▸ Given information:
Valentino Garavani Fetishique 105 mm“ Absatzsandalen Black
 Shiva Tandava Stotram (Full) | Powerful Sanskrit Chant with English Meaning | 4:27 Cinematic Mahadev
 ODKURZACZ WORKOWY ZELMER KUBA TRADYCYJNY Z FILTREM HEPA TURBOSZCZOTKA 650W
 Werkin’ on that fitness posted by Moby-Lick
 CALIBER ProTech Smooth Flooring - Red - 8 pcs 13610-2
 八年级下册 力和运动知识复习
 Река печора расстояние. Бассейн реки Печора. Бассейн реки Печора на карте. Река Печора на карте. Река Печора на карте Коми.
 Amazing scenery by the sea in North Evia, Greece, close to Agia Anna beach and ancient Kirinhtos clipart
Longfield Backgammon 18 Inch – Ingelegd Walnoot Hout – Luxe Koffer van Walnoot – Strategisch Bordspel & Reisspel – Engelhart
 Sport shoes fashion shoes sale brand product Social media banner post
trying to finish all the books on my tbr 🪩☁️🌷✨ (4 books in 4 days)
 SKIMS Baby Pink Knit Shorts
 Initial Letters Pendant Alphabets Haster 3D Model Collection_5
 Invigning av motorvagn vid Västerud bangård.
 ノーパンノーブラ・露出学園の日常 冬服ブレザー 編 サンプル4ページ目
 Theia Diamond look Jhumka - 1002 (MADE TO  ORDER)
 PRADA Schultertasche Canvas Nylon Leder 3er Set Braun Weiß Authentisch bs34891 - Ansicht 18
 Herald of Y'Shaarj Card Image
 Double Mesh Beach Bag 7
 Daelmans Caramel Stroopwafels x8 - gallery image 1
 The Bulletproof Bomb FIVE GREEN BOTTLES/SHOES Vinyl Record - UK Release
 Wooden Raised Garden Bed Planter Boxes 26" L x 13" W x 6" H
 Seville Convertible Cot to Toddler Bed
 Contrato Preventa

▸ Task to complete: Word for word, reproduce every line of the data.

▸ Answer to this problem:
Valentino Garavani Fetishique 105 mm“ Absatzsandalen Black
 Shiva Tandava Stotram (Full) | Powerful Sanskrit Chant with English Meaning | 4:27 Cinematic Mahadev
 ODKURZACZ WORKOWY ZELMER KUBA TRADYCYJNY Z FILTREM HEPA TURBOSZCZOTKA 650W
 Werkin’ on that fitness posted by Moby-Lick
 CALIBER ProTech Smooth Flooring - Red - 8 pcs 13610-2
 八年级下册 力和运动知识复习
 Река печора расстояние. Бассейн реки Печора. Бассейн реки Печора на карте. Река Печора на карте. Река Печора на карте Коми.
 Amazing scenery by the sea in North Evia, Greece, close to Agia Anna beach and ancient Kirinhtos clipart
Longfield Backgammon 18 Inch – Ingelegd Walnoot Hout – Luxe Koffer van Walnoot – Strategisch Bordspel & Reisspel – Engelhart
 Sport shoes fashion shoes sale brand product Social media banner post
trying to finish all the books on my tbr 🪩☁️🌷✨ (4 books in 4 days)
 SKIMS Baby Pink Knit Shorts
 Initial Letters Pendant Alphabets Haster 3D Model Collection_5
 Invigning av motorvagn vid Västerud bangård.
 ノーパンノーブラ・露出学園の日常 冬服ブレザー 編 サンプル4ページ目
 Theia Diamond look Jhumka - 1002 (MADE TO  ORDER)
 PRADA Schultertasche Canvas Nylon Leder 3er Set Braun Weiß Authentisch bs34891 - Ansicht 18
 Herald of Y'Shaarj Card Image
 Double Mesh Beach Bag 7
 Daelmans Caramel Stroopwafels x8 - gallery image 1
 The Bulletproof Bomb FIVE GREEN BOTTLES/SHOES Vinyl Record - UK Release
 Wooden Raised Garden Bed Planter Boxes 26" L x 13" W x 6" H
 Seville Convertible Cot to Toddler Bed
 Contrato Preventa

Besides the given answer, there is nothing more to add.